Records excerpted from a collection
--------------------------------

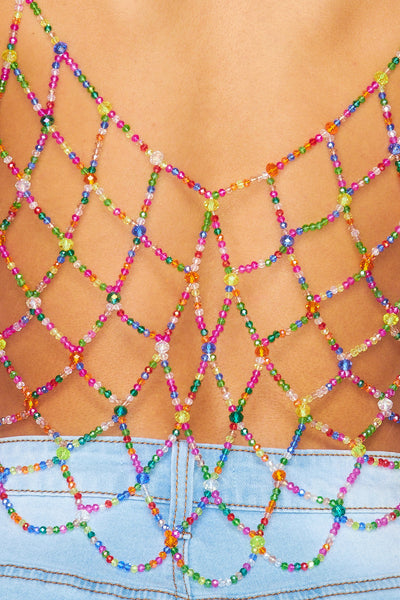 Be The Show Bejeweled Beaded Net Crop Top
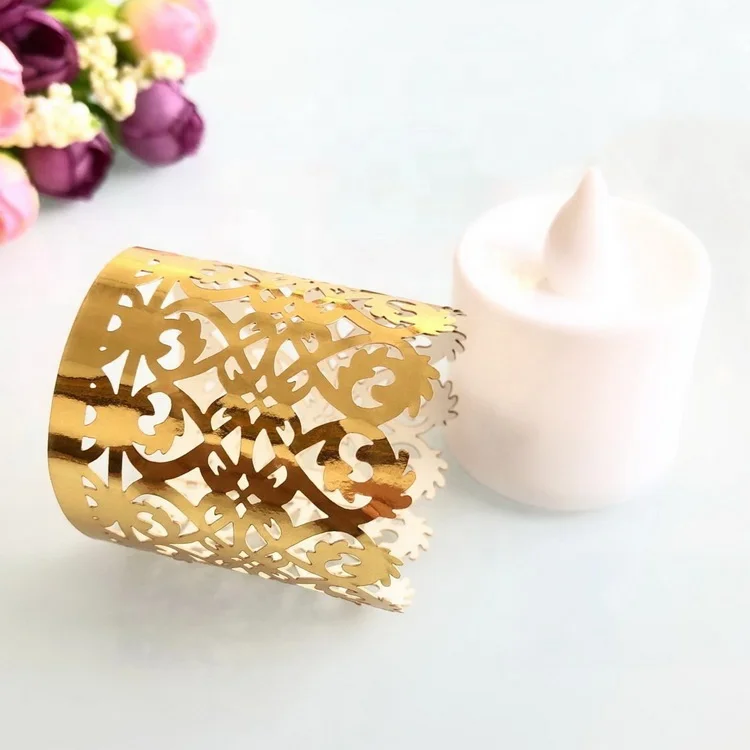 Laser Cut LED Tea Light Candle Shade Paper Candle Lampshade Wrapper Party Decoration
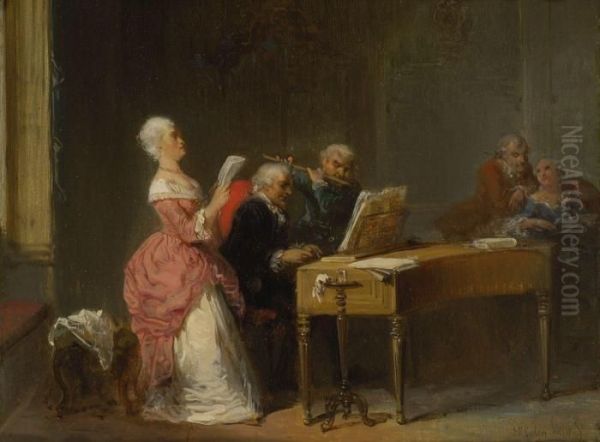 Musikalische Unterhaltung Im Salon Oil Painting by Herman Frederik Carel ten Kate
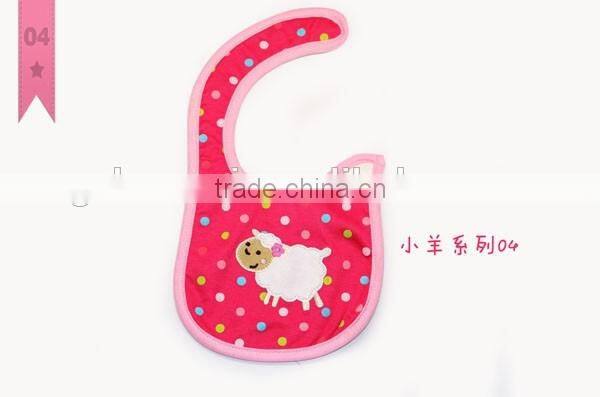 wholesale 2016 embroidery cartoon baby bibs 100% cotton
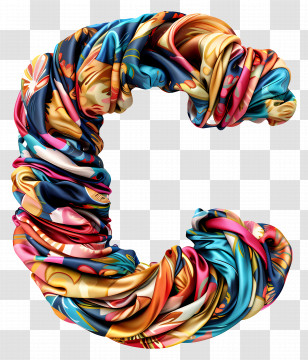 Letter C - Colorful Fabric Letter C Transparent PNG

--------------------------------

> [Your assignment]
Copy out all the entries precisely. No images.

> [Completed task]
 Be The Show Bejeweled Beaded Net Crop Top
 Laser Cut LED Tea Light Candle Shade Paper Candle Lampshade Wrapper Party Decoration
 Musikalische Unterhaltung Im Salon Oil Painting by Herman Frederik Carel ten Kate
 wholesale 2016 embroidery cartoon baby bibs 100% cotton
 Letter C - Colorful Fabric Letter C Transparent PNG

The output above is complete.